Some old signs are coming down and new signs are going up across Clarksville and Montgomery County as part of a local wayfinding signage update designed to help residents and visitors find local attractions and points of interest. 

The signage project is a partnership between the City of Clarksville, Visit Clarksville (the Clarksville-Montgomery County Convention and Visitors Bureau) and Austin Peay State University.  

The total project funding is $300,000, with $75,000 coming from a Tourism Enhancement Grant presented to the City by the Tennessee Department of Tourist Development; a $75,000 match from the City; $125,000 from Visit Clarksville; and $25,000 from APSU.

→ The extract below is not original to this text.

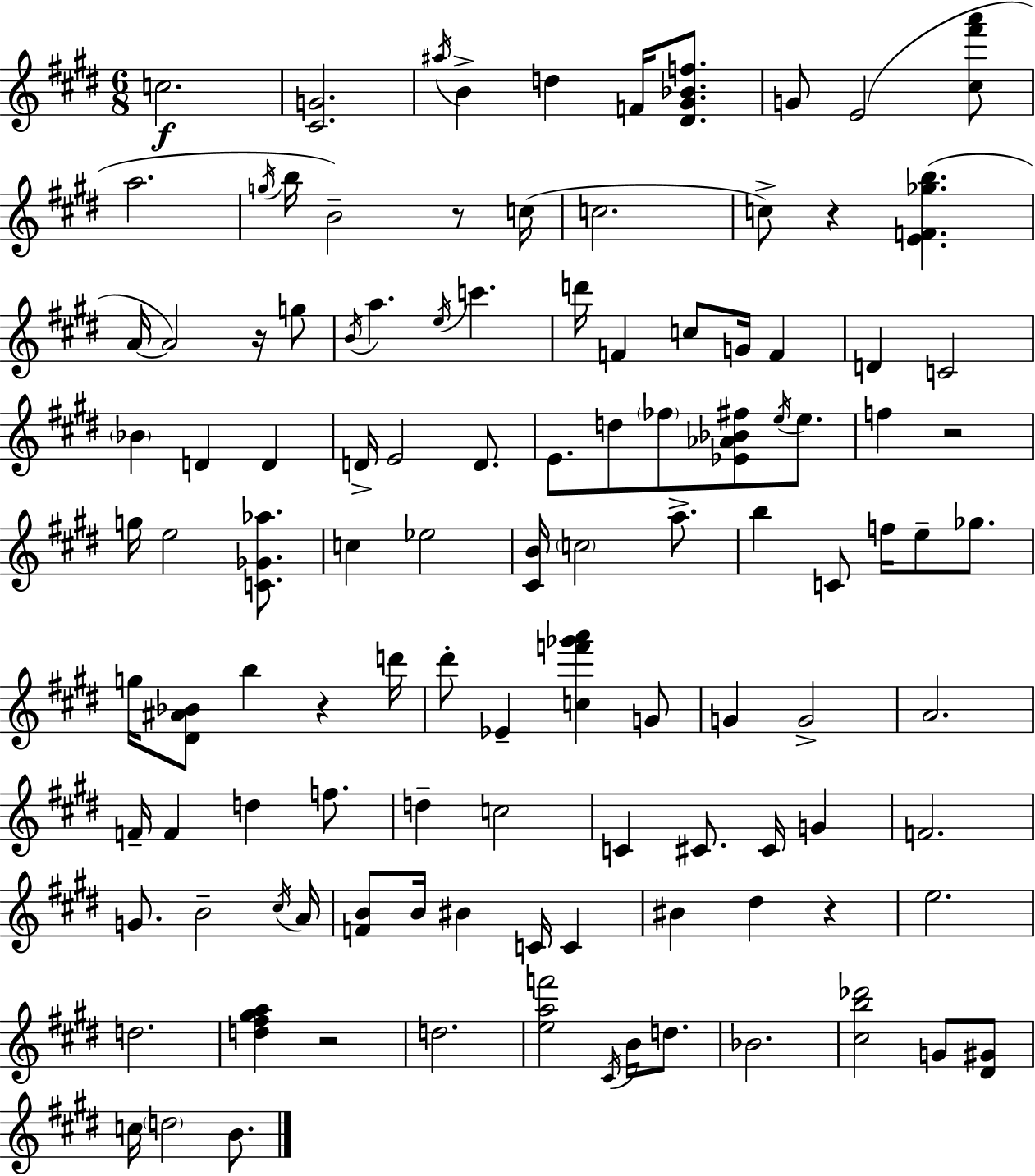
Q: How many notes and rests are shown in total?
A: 113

The project will help motorists and support tourism efforts by updating approximately 75 welcome, directional and site identification signs throughout the community. 

“The goal of the wayfinding project is to make the signs more cohesive and uniform, and to provide a much-needed upgrade of signs that have worn out,” Mayor Joe Pitts said. 

The old system of wayfinding signs, some dating back to 1999, was in bad shape, and many signs had been damaged or destroyed. Some had been vandalized, and some had been stolen. Over the years, the collection of signs had become outdated, with several different designs and slogans, ranging from identifying the community as “Tennessee’s Top Spot” to the “Gateway to the New South.” 

The project participants chose to use the Visit Clarksville logo and color scheme to bring unity and consistency to wayfinding signs throughout the City and County.

“This investment in improved signage will help our community connect travelers coming off Interstate 24 with APSU, Fort Campbell and our many attractions. Most of our wayfinding signs were old, tired and out of date, so we are really glad to see this project moving forward,” said Kyle Luther, chair of the Visit Clarksville Board of Directors.

Jarvis Signs, of Madison, Tenn., was awarded the sign contract on a bid of $280,400. The company is removing some signs for reworking and reinstallation, and has begun placing some of the new signs. The project is expected to be completed by the end of the year.